_EXERCISE OBJECTIVE:_ Where in the records does the word "still" appear? Copy each line that holds it.

_RECORDED DATA:_
+ + +

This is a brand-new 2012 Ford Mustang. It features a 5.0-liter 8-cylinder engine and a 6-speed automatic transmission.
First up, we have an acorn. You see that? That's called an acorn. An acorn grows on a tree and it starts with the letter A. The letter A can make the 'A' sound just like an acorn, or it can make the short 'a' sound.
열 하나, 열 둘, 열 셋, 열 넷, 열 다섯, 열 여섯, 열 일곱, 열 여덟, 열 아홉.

+ + +

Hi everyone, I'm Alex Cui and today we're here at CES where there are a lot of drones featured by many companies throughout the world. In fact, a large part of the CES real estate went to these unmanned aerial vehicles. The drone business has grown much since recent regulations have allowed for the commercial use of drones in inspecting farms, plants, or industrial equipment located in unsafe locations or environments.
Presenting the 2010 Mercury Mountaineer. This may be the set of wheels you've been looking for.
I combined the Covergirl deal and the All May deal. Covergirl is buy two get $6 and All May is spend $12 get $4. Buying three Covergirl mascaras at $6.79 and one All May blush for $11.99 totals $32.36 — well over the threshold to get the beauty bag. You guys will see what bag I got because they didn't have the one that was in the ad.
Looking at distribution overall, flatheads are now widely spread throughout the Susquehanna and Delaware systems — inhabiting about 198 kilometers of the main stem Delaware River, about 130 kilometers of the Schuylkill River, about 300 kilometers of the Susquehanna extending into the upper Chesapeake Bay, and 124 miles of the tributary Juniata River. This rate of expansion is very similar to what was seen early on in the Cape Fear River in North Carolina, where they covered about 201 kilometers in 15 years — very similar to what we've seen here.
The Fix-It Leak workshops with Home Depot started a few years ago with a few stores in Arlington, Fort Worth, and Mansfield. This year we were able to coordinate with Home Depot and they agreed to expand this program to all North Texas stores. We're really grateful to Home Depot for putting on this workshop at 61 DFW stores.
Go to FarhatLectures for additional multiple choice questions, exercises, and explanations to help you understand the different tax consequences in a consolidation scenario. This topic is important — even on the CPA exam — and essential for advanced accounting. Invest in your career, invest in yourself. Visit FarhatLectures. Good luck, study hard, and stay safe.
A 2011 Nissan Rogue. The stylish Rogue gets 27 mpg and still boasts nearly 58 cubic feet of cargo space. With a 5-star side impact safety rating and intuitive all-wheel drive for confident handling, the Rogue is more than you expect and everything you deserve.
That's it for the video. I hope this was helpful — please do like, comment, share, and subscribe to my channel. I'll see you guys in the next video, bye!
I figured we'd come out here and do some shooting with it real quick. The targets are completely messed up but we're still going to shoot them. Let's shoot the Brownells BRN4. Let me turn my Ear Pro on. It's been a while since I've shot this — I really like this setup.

+ + +

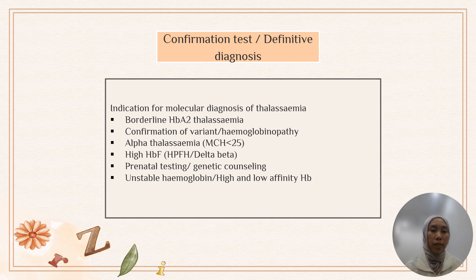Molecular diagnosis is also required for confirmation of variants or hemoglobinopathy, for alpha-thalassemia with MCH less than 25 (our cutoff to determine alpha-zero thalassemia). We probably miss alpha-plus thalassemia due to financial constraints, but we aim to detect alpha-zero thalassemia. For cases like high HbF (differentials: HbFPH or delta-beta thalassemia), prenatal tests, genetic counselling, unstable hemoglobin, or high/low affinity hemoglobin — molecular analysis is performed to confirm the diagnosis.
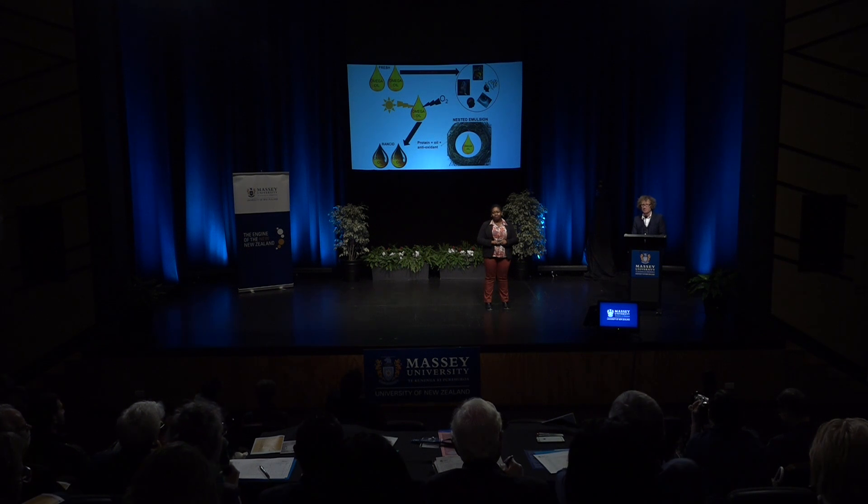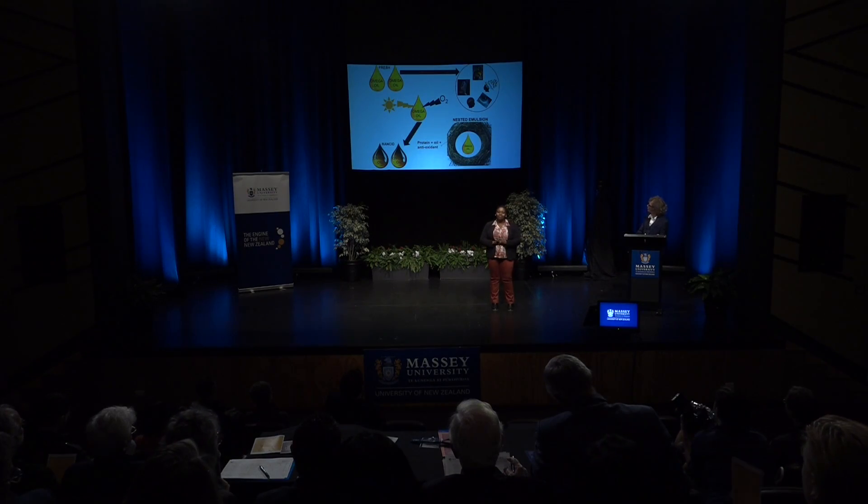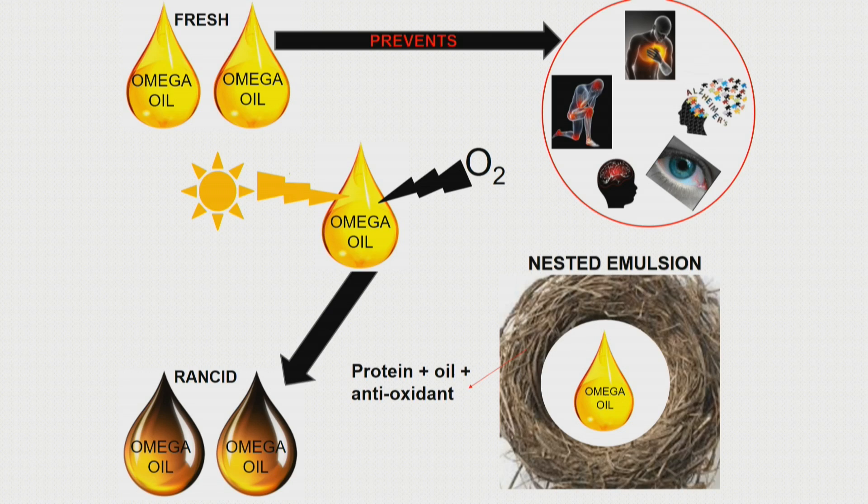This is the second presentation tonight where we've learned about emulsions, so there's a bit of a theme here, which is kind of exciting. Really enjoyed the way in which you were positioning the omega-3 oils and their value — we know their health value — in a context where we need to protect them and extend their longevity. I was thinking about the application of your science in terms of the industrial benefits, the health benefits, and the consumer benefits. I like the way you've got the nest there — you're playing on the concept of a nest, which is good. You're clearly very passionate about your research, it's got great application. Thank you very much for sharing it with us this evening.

+ + +

_SOLVED EXERCISE:_
A 2011 Nissan Rogue. The stylish Rogue gets 27 mpg and still boasts nearly 58 cubic feet of cargo space. With a 5-star side impact safety rating and intuitive all-wheel drive for confident handling, the Rogue is more than you expect and everything you deserve.
I figured we'd come out here and do some shooting with it real quick. The targets are completely messed up but we're still going to shoot them. Let's shoot the Brownells BRN4. Let me turn my Ear Pro on. It's been a while since I've shot this — I really like this setup.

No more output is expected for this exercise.